Extensive criticisms of her book, citing page and paragraph, are available on the web. One of them has actually been published in the form of a book that is available on Amazon.com. Even a casual reading of these critiques shows that her book has hundreds of verifiable factual errors. For instance, if Doniger says that a particular saint was patronized by a specific sultan, when history books tell us that this saint lived at a different region and time from that of the sultan, how can there be a dispute that she is incorrect? There are hundreds of such embarrassing errors in her book! And when you look at her constant kinking of Hindu scriptural narratives to read like pornographic fiction, you really start wondering. This raises questions about the integrity of the peer review processes used by publishers for reviewing works by Doniger and her students.

Interestingly, these scholars find me to be non-ignorable. Yet they do not talk to me personally before publishing distorted narratives about me. For instance, in her book “The Clash Within”, the radical leftist Martha Nussbaum wrote some vicious personal attacks on me but never contacted me to understand where I was coming from. Another gentleman she interviewed for the book suggested to her that she must contact me directly, but she pointedly refused to do so. No respectable editor of a publishing house ought to allow such slander to pass through. It appears to me that these scholars will accept Hindus only as passive native informants, and not as intellectual equals who can talk back and question them.

– Question: How do you think Penguin should have reacted to the lawsuit against the book?

I believe that academic integrity requires that they should have brought out a new edition of the book correcting the hundreds of errors therein. It is my guess that Doniger manipulated this into a prestige issue, especially because people were talking not about a small number of errors but literally hundreds of errors that would have required her to rewrite entire chapters. If she had made such a major rewrite, the image of her being an impeccable scholar would have been shattered.

Instead of responding to these criticisms and being intellectually honest, Doniger has sought to hide by using the numerous awards that she received from various literary organizations, including those in India! Her work is heavily promoted by her students all over the world. Indian Marxist professors entrenched in American universities actually prescribe her books for teaching Hinduism, and this is their own way of promoting Hinduphobia.

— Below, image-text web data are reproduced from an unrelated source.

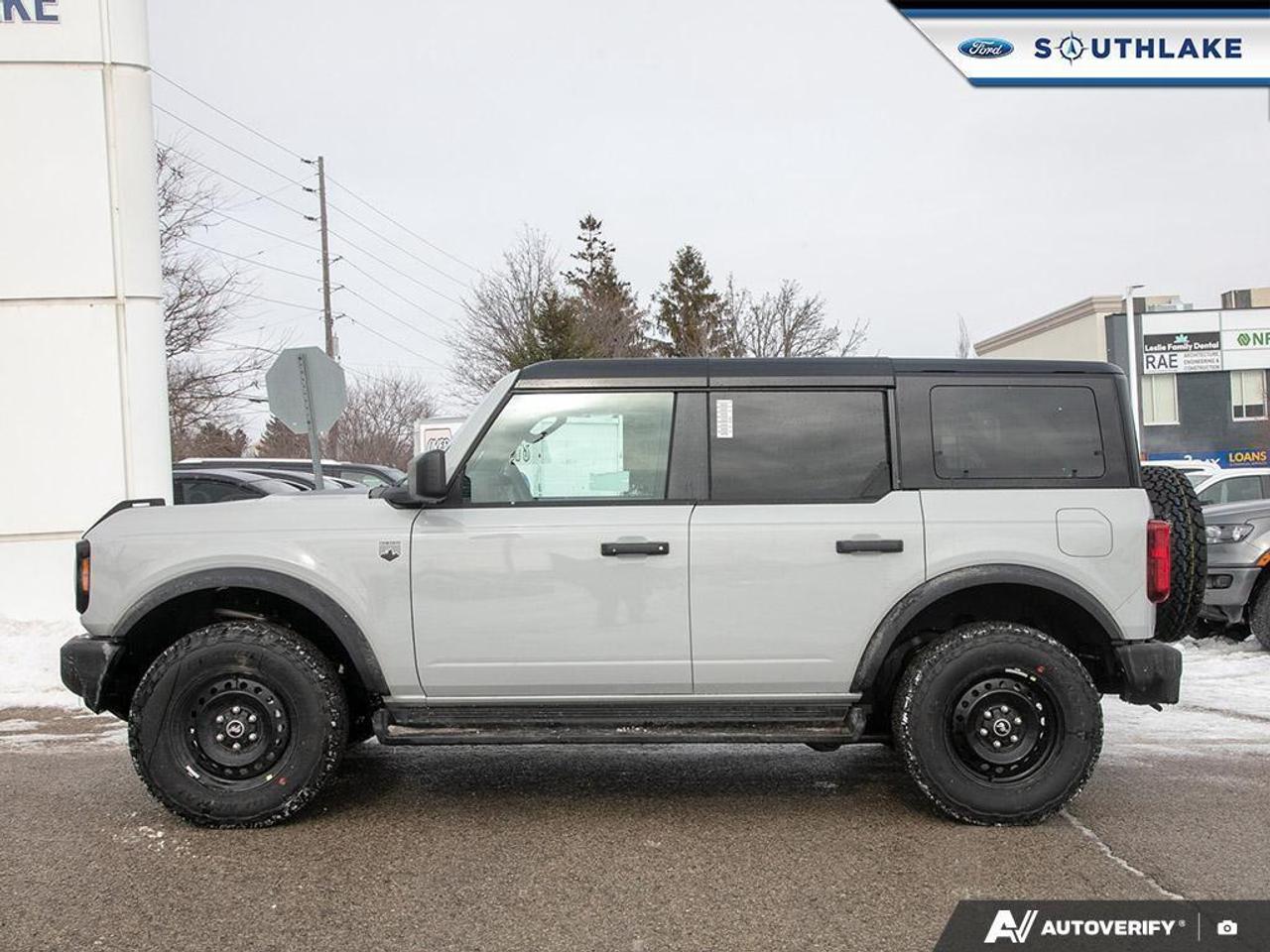 2026 Ford Bronco Big Bend 4dr 4x4 Photo2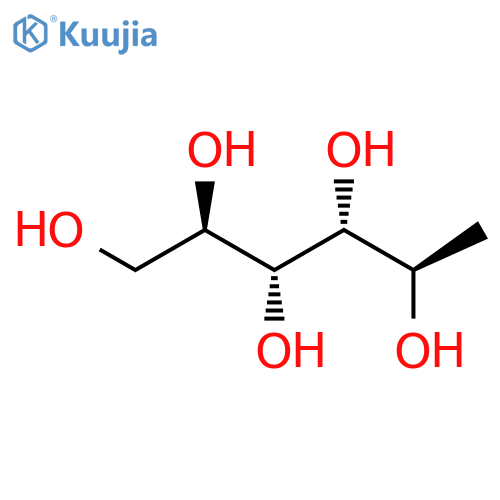D-Mannitol, 1-deoxy- structure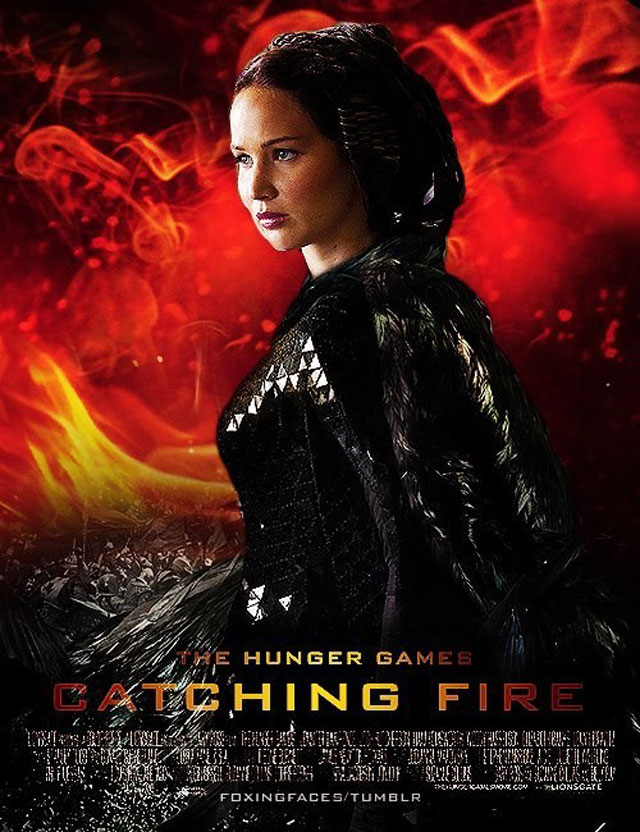 the hunger game catching fire 2013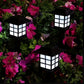 Set 10 Lampi Solare De Gradina Cu Iluminare Automata Pana La 10 Ore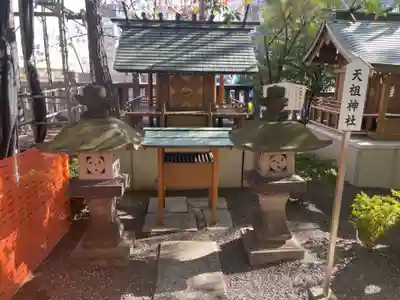 亀戸 香取神社の末社・摂社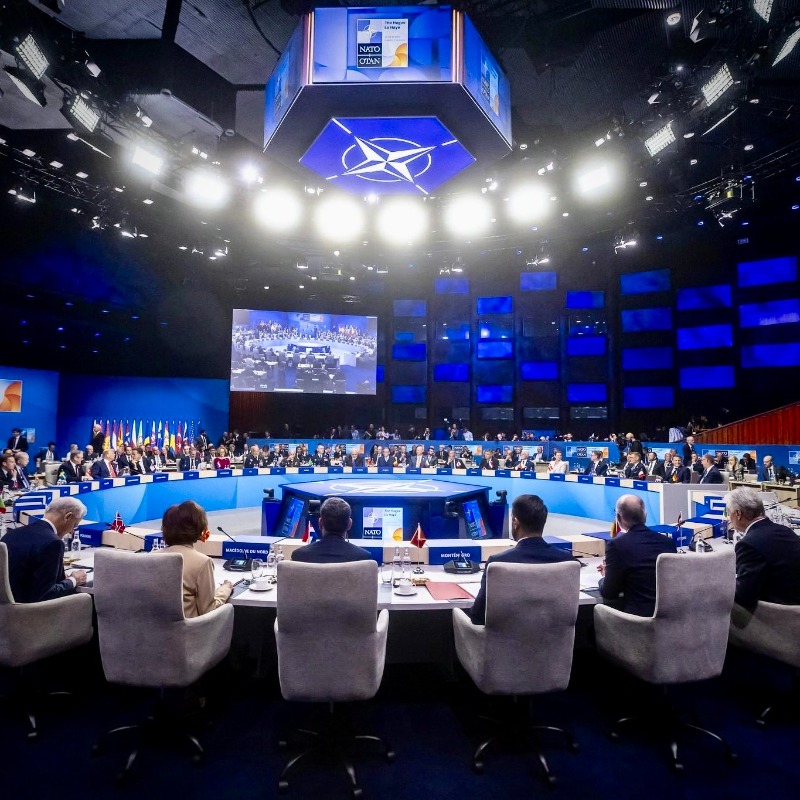 NATO Summit Concludes with 5% GDP Defence Pledge and Ukraine Support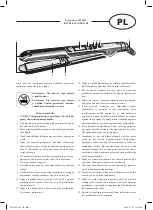 Preview for 3 page of Optimum SW-1020 Operating Instructions Manual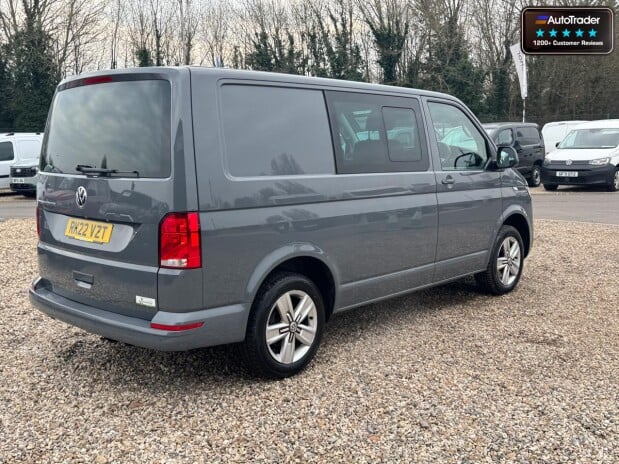 Volkswagen Transporter Crew Cab AUTO SWB L1H1 T32 Tdi Kombi Highline Air Con Sensors EURO 6 5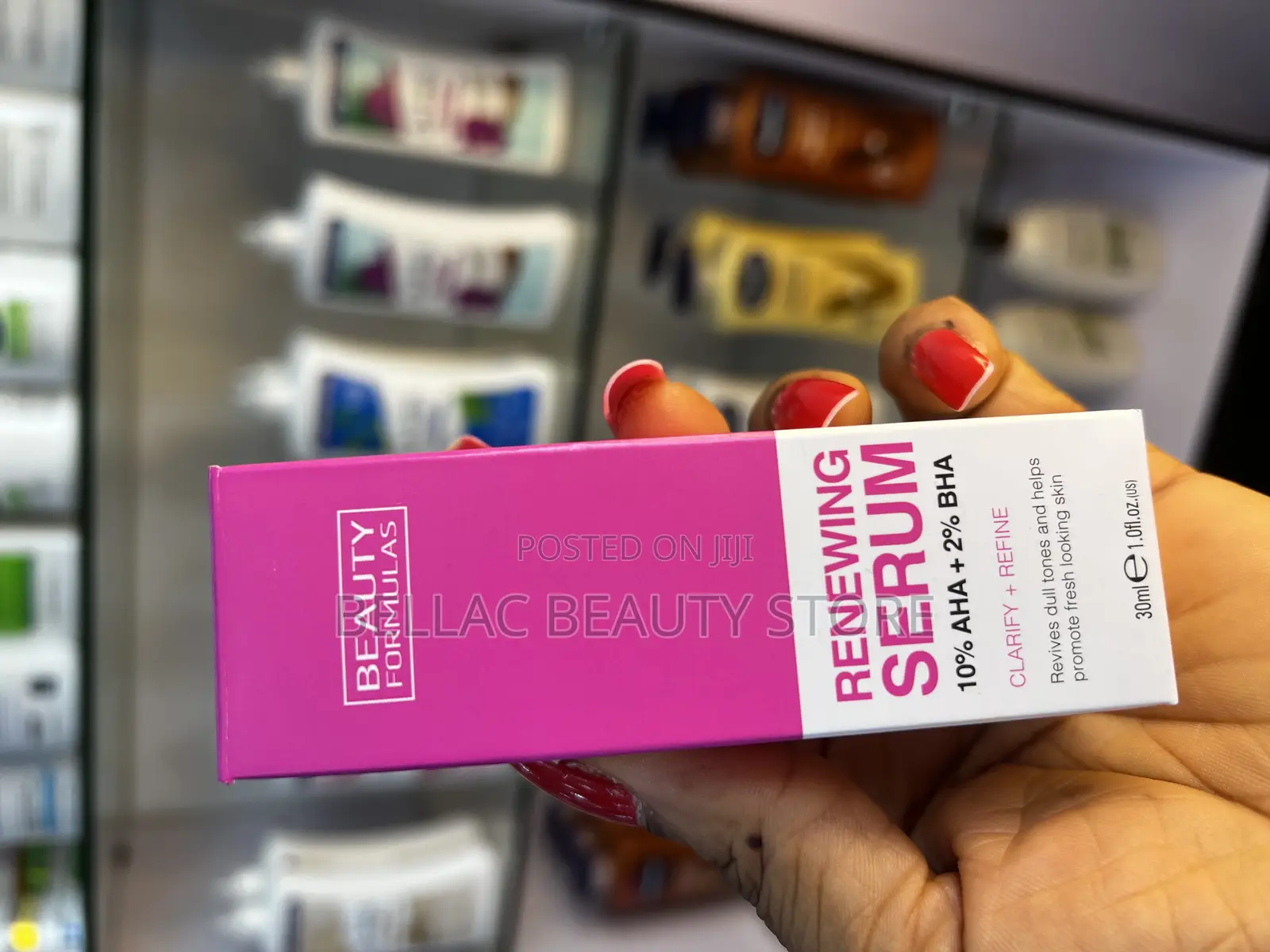 Beauty Formulas Serum
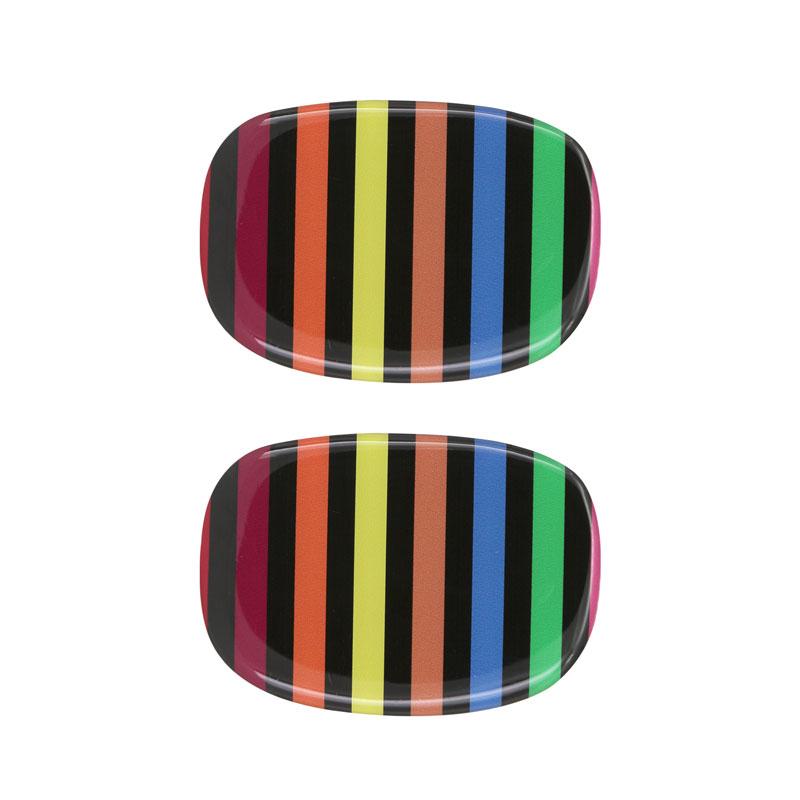 Union Jack Rukojeť opěradla sedadla 3D nálepka Epoxidová dekorativní nálepka Ochranná fólie pro Cooper One F56 Příslušenství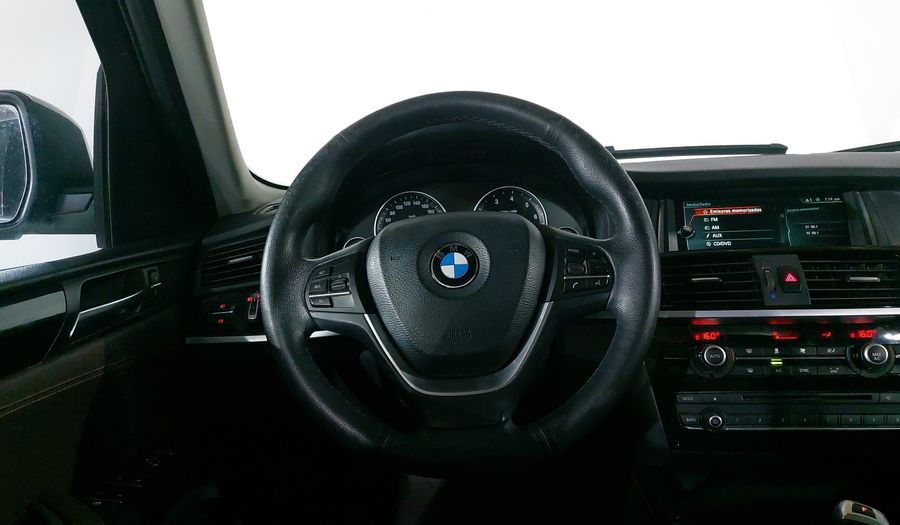 Bmw X3 2.0 XDRIVE28IA X LINE AT 4WD Suv 2017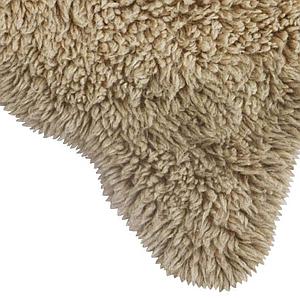 Tapis 75x110cm WOOLLY Lorena Canals Sheep Beige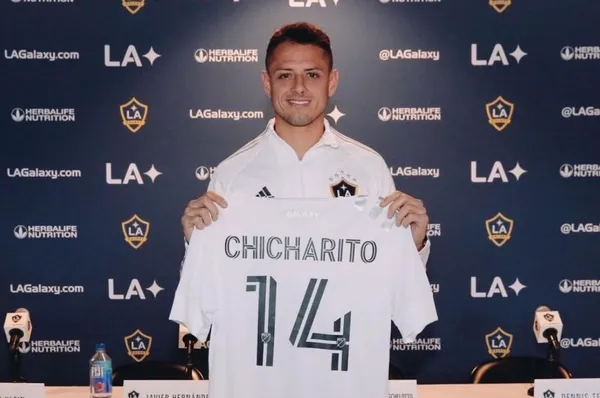 The season of the Mexican striker was awful and everybody knows that, but this star talked about his arrival to LA.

If I examine her book as literature, I find it as sensational fiction. But it is severely flawed and biased when evaluated as serious scholarship. The book is not history; it is really the story of her own personal psychology.

– Question: If Doniger’s scholarships is very flawed, haven’t there been criticisms of her work from within the academy? You cannot dismiss all western scholars of Hinduism as “Wendy’s Children.”

You are correct that all Hinduism scholars are not Wendy’s Children. And some who are not, have criticized her books. For instance, Michael Witzel, who is often regarded as a Hindu-hater per his own admission, has publicly shown how wrong her translations of Sanskrit texts are. Another German scholar has called her books as “fast food” that sell a lot and are addictive, but have a long term harmful effect on health, in this case meaning true scholarship. In fact, even Indian Marxist historians who have long suffered from Hinduphobia, used to criticize her books because they rejected the very existence of Hinduism as a religion. So how could she, they argued, write on an ancient religion that she claimed did not exist in the first place? These Indian Marxist historians feared that Doniger’s books could promote “communalism” in India.

In the past decade or a bit more, some interesting new developments have happened. The Marxist historians of India have continuously raised the bogey of Hindutva and violent Hindus, in order to strengthen their own bridges with western Indologists with a racist attitude towards Indians in general and the Hindus in particular. This new bonhomie was quite visible during the Doniger book controversy when all her former critics sprung to her defense and sought to dismiss any criticism of her book as an infringement of free speech! Hardly any of these scholars actually tried to counter the specific criticisms of her work by Hindu scholars. To me, this is a sad reflection of the intense politicization of the fields of South Asian Studies, Indology, Hinduism studies and India studies in the west. The credit for this goes to a great extent to the army of Marxist sepoys.

– Question: Why do even books like hers do so well in the Indian market? Many Indian scholars have said that they like the book and have learned a lot from it.

After independence, the Marxist control over media, arts and literature, historiography etc. in the last several decades left a vacuum in the academic presentation of Hinduism studies. To teach anything about Hinduism means being branded “communal.” In government funded universities, there are hardly any dedicated programs teaching darshanas, for instance. In fact, most Indian authors write books about Hinduism under the category of “Indian culture” just to be politically correct. In this environment where it is uncool to be a Hindu in a country with an 80% Hindu population, suddenly there appears a book whose title says that it is on Hinduism, and which is written in racy English prose by a white woman claiming to be an expert of Sanskritic texts. The book instantly fills the vacuum. Because most English educated Indians were never taught much about Hinduism in a systematic manner, they lap up whatever Doniger writes as a true and “safe” representation of their faith. Her copious but misleading footnotes, endnotes and bibliographies give her book a semblance of a serious work on Hinduism, whereas in fact many chapters could have been written better by even a college student taking an introductory course on Hinduism.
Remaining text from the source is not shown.